§ **What is needed**: Please reproduce the lines from the one containing "Marina z synem" through the end of the data below exactly as they stand, and omit all pictures.
BEGIN Collected data
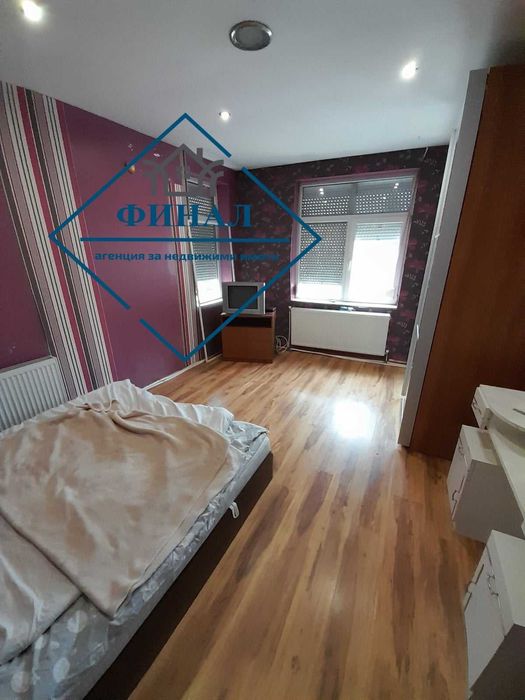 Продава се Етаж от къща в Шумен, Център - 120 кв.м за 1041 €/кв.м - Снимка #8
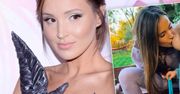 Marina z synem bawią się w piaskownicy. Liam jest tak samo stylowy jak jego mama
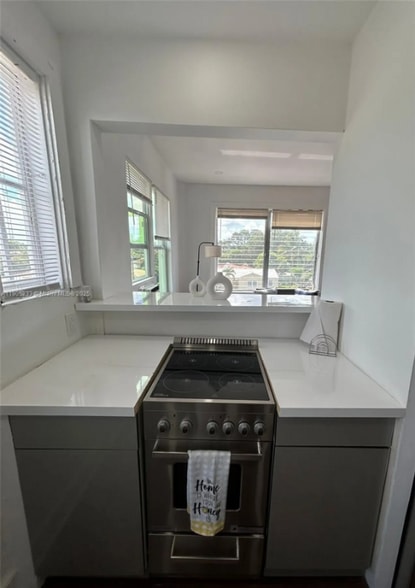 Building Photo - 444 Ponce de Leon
END Collected data
§ **Result below**:
 Marina z synem bawią się w piaskownicy. Liam jest tak samo stylowy jak jego mama
 Building Photo - 444 Ponce de Leon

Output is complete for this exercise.